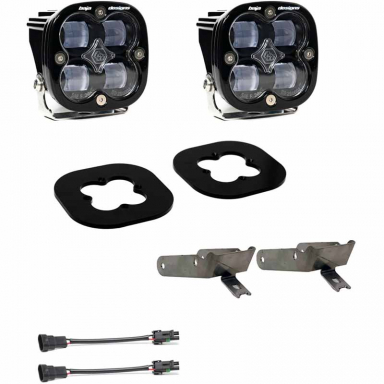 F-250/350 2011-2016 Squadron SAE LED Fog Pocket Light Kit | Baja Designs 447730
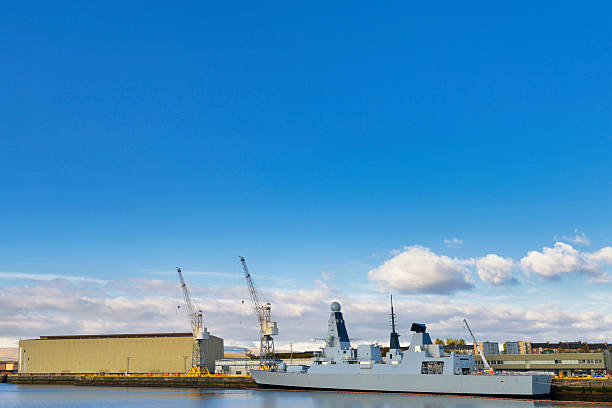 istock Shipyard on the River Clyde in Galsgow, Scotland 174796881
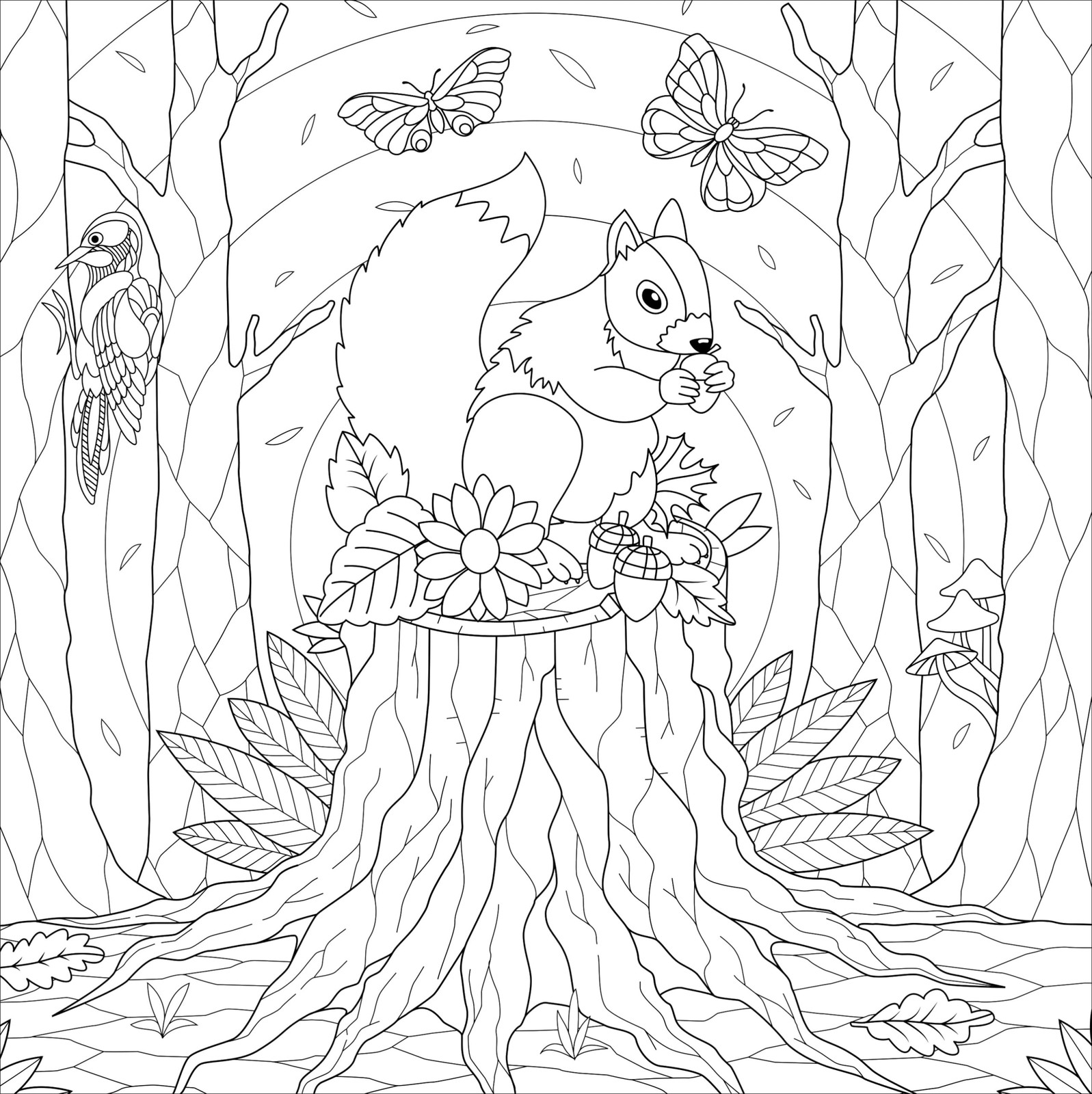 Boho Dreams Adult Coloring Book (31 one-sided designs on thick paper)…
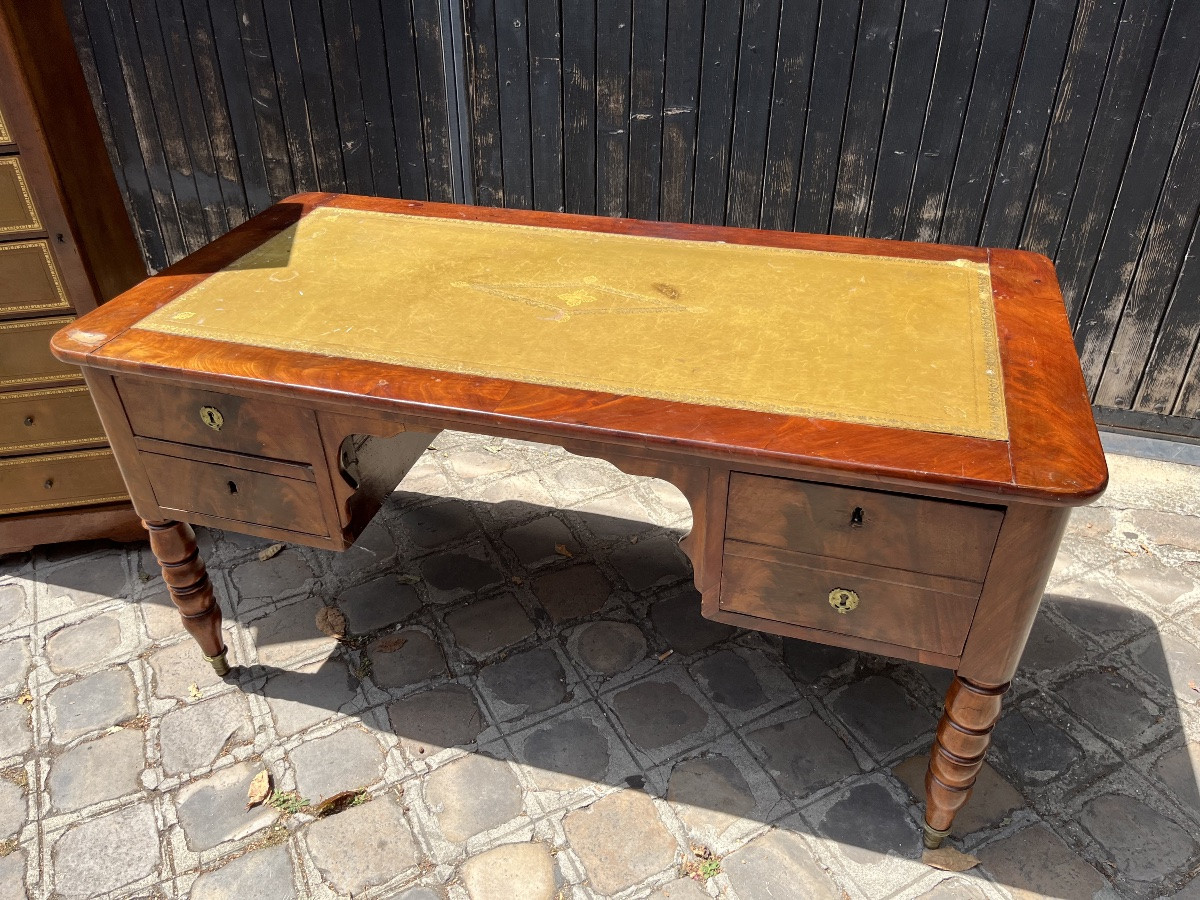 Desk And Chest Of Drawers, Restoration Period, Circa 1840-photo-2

----

▶ _Required work_
Transcribe exactly the lines from the one holding "istock Shipyard on" through the final line of the material above, both ends included; any pictures should be dropped.

▶ _Solution to this problem_
 istock Shipyard on the River Clyde in Galsgow, Scotland 174796881
 Boho Dreams Adult Coloring Book (31 one-sided designs on thick paper)…
 Desk And Chest Of Drawers, Restoration Period, Circa 1840-photo-2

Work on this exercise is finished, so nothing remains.